Data:
===============
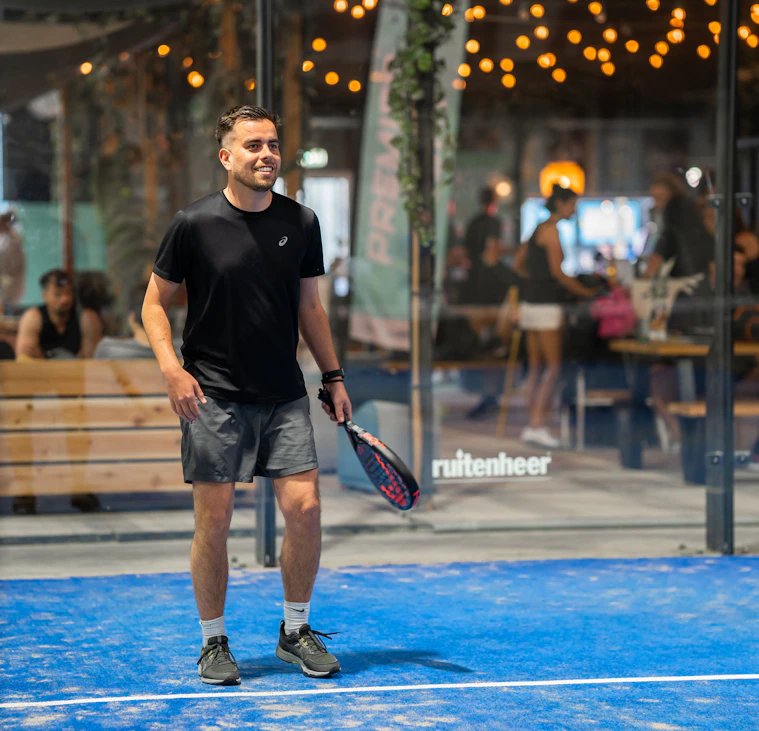 Collega speelt padel bij Zeehaenkade Utrecht Collega speelt padel bij Zeehaenkade Utrecht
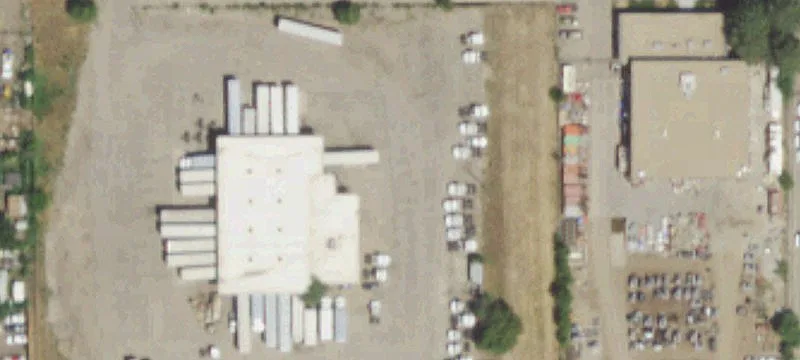 Warehouse with Extensive Loading Docks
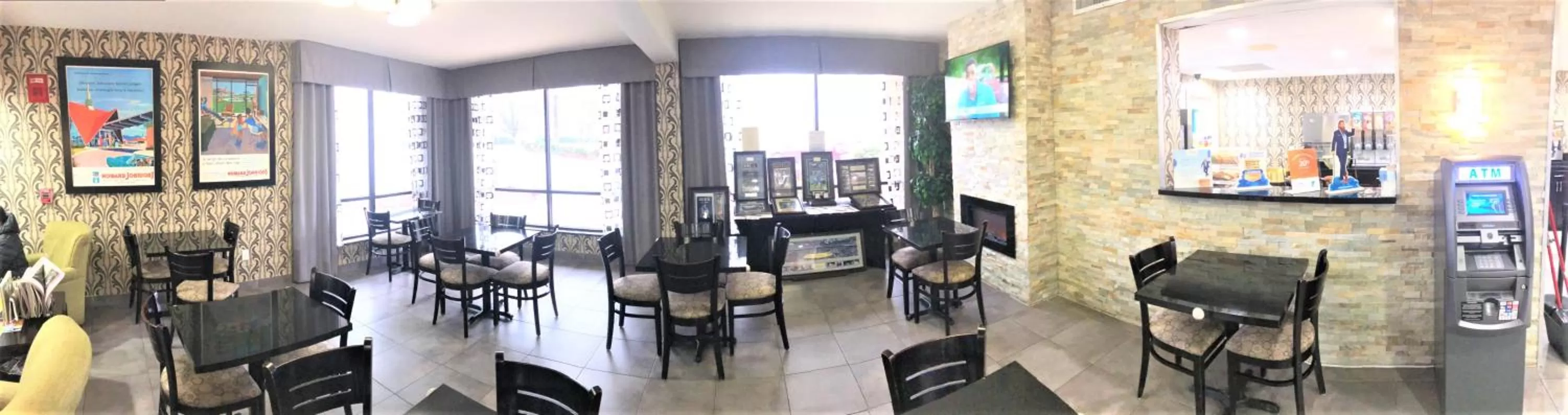 Breakfast in Howard Johnson by Wyndham Greensboro Near the Coliseum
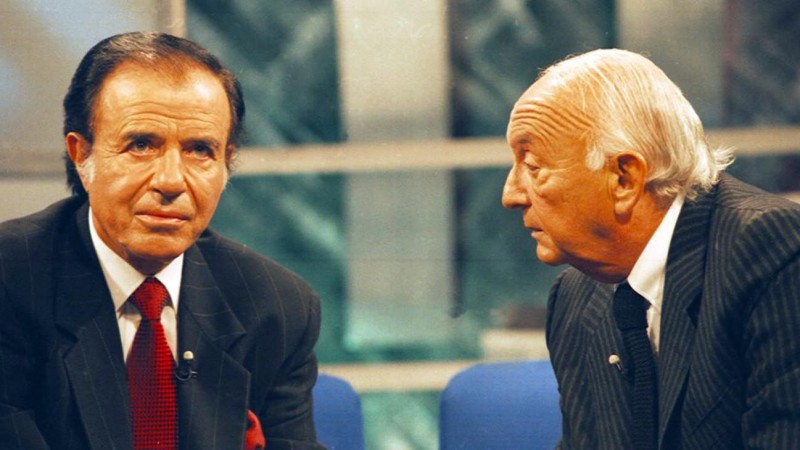 Quin hace de Bernardo Neustadt en la serie de Menem?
===============
Try it:
Return the material from above in full, exactly as written, with the pictures omitted.

Exercise output:
 Collega speelt padel bij Zeehaenkade Utrecht Collega speelt padel bij Zeehaenkade Utrecht
 Warehouse with Extensive Loading Docks
 Breakfast in Howard Johnson by Wyndham Greensboro Near the Coliseum
 Quin hace de Bernardo Neustadt en la serie de Menem?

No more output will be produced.